How tools have their own workflow

When we develop libraries & tools we define various means to interact with them. We do this by thinking about use cases and so we build in assumptions in how we expect our target users to typically interact with our work. In this sense everything built has an intended way of being used, a workflow.

When we want to achieve a goal, we should be asking ourselves how we want to solve the problem and looking for things which enable that approach. If we are constrained in the tools/libraries we can use, we should focus on how those tools are designed to solve the problem.

The problem I've found is a lot of teams chase workflows which make no sense when combined with their tool choice.

For me a great example of this was GitFlow branching strategy, because I have seen so many teams independently repeat exactly the same mistake. I'm going to take you through a bit of history to explain the issues.

Trunk Based Development

Before git existed, every source control management solution implemented a variation of 'Trunk Based Development'. This means there was a single branch called 'trunk', typically held on a server. Every developer would check out trunk on to their machine, they would perform changes and then try to merge them into the 'trunk'. At a set point you would then try to create a release from 'trunk'.

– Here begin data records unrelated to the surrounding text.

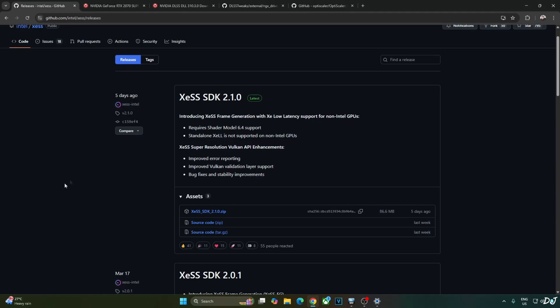Welcome back guys. In this video I'll be showing you how to use Intel's XCSS Frame Generation and Low Latency Mode in Cyberpunk 2077, running on my Windows PC that has a Ryzen 5700X 3D processor and an RTX 2070 Super GPU. With the release of XCSS SDK 2.1, XCSS Frame Generation and Low Latency Mode are working on non-Intel GPUs that support Shader Model 6.4 or anything newer.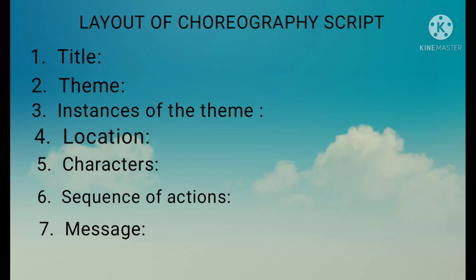Let us know how to write the title. The title should be very catchy, written in bold, and must be brief. Next, the theme is the overall understanding of the poem. After reading the poem, we will get an idea of what the poem is about, and we need to write that briefly.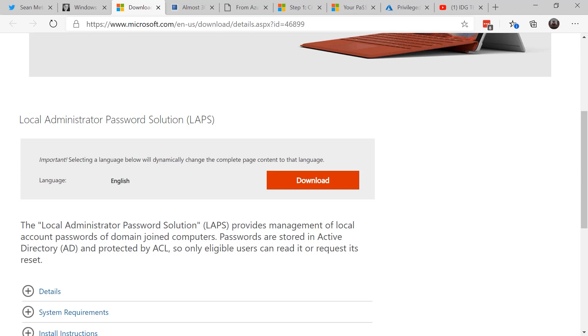If you haven't downloaded already, I highly recommend that you download the local administrator password solution or LAPS toolkit. This allows you to set up a system where randomly generated passwords are set up as that local administrator password. It's centrally managed, so you can still gain access should you need to deploy software, install things, you name it.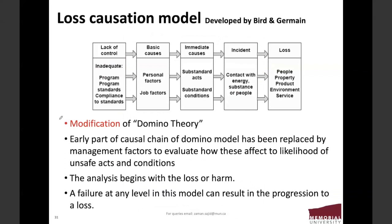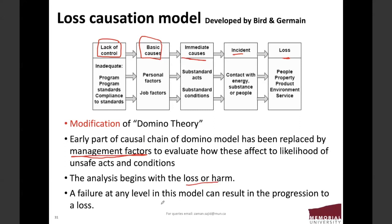Another model is the loss causation model, similar to the domino theory but with some differences. It identifies lack of control and basic causes, then immediate causes, leading to the incident and loss or accident. It is a modification of the domino theory in which the early part of the causal chain has been replaced by management factors, to evaluate how these affect the likelihood of unsafe acts and conditions. The analysis begins with the loss or harm, and a failure at any level in the model can result in propagation to loss.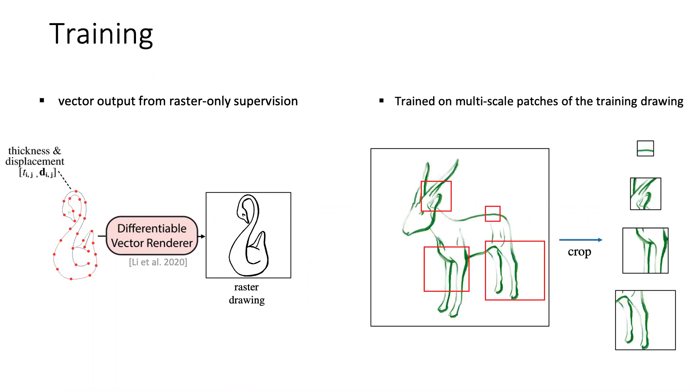It's challenging to collect a large training set for a single style. Our method can be trained from a single training example. To achieve this, our model is trained on multiscale patches of the training drawing.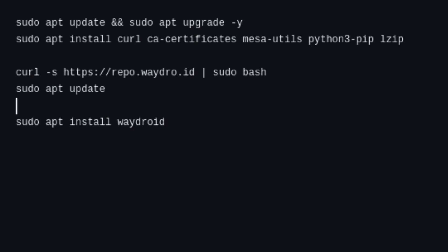Start by updating your system and installing the necessary packages. Next, add the Waydroid repository and install Waydroid.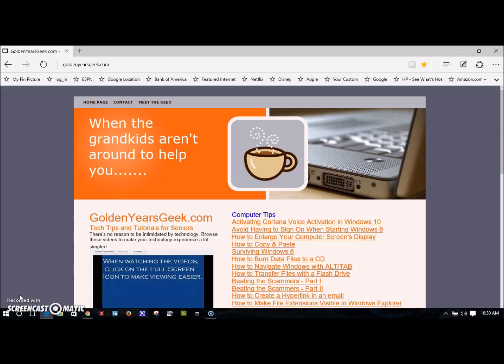Hi there. With the introduction of Windows 10 we now have a new browser called Edge. It's intended to replace Internet Explorer. So far it seems to be doing a pretty good job, but it does have one major deficiency.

Tools to manage merge conflicts between files were fairly primitive, this encouraged developers to check their code in fairly regularly. The issue here is developers would check in partially completed work which often left 'trunk' in a unbuild-able state.

To get a release out you would have to dedicate time to debugging where the solution was broken and applying hot-fixes so you could cut out the broken new functionality or solve the new bugs it introduced. This is how I got started with DevSecOps, I was the "build guy" on a team and each Friday my job was to get a working build out of Hudson & SVN and deploy to our test rig (reference environment).

There was a second problem, to perform a release you might have to ban other developers checking in for a short time. Once the release is performed, they can then push in their changes. If the release failed when tested, the affected code base areas might have changed enough that simple fixes were impossible.

GitFlow (original)

I've noticed GitFlow documentation has evolved over time, I'm going to start by explaining how it was first defined.

GitFlow builds on 'trunk' based development, we have a 'develop' branch that developers can immediately check into. This branch operates in a similar way to 'trunk'.

Developers perform regular git pulls, merge their changes into 'develop' and then push the result back into the remotely held repository.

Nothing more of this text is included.